> **TASK ITEM**
The data below should be retyped exactly, with the pictures left out.
───── DATA PROVIDED
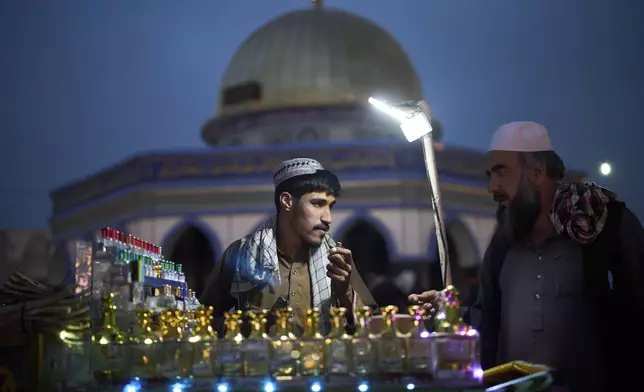 People shop in a market the day before Eid al-Adha in Kabul, Afghanistan, Friday, June 6, 2025. (AP Photo/Ebrahim Noroozi)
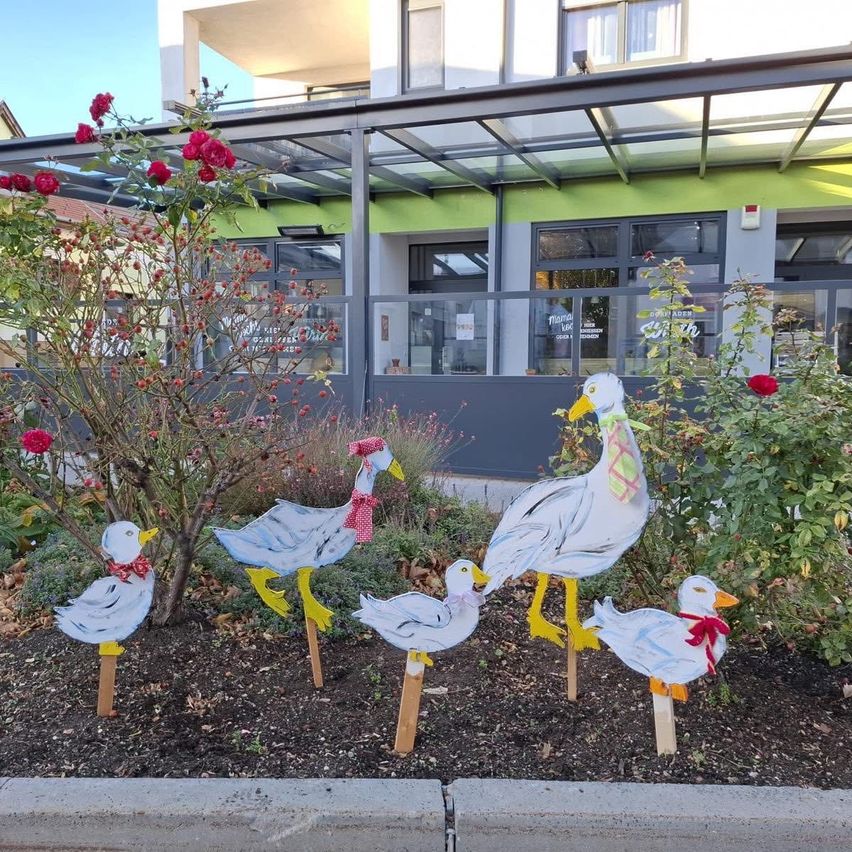 A row of painted duck sculptures with red bows stands in a garden with red flowers and plants in front of a building.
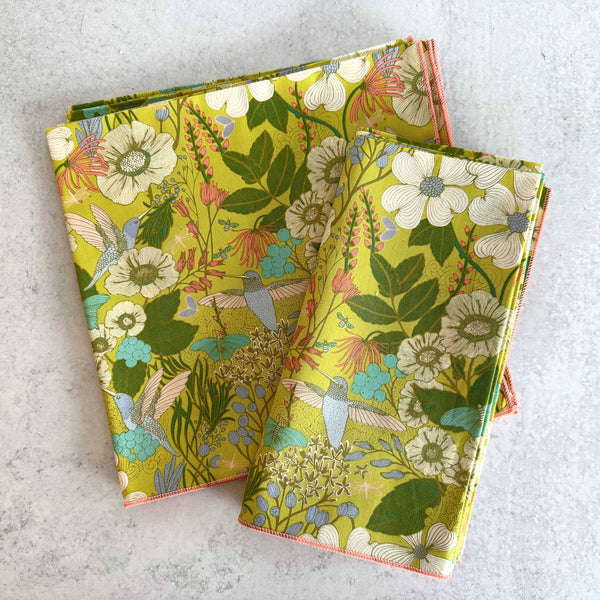 Bold yellow and green hummingbird botanical print cotton napkins on a neutral background.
──────────
> **REPLY**
 People shop in a market the day before Eid al-Adha in Kabul, Afghanistan, Friday, June 6, 2025. (AP Photo/Ebrahim Noroozi)
 A row of painted duck sculptures with red bows stands in a garden with red flowers and plants in front of a building.
 Bold yellow and green hummingbird botanical print cotton napkins on a neutral background.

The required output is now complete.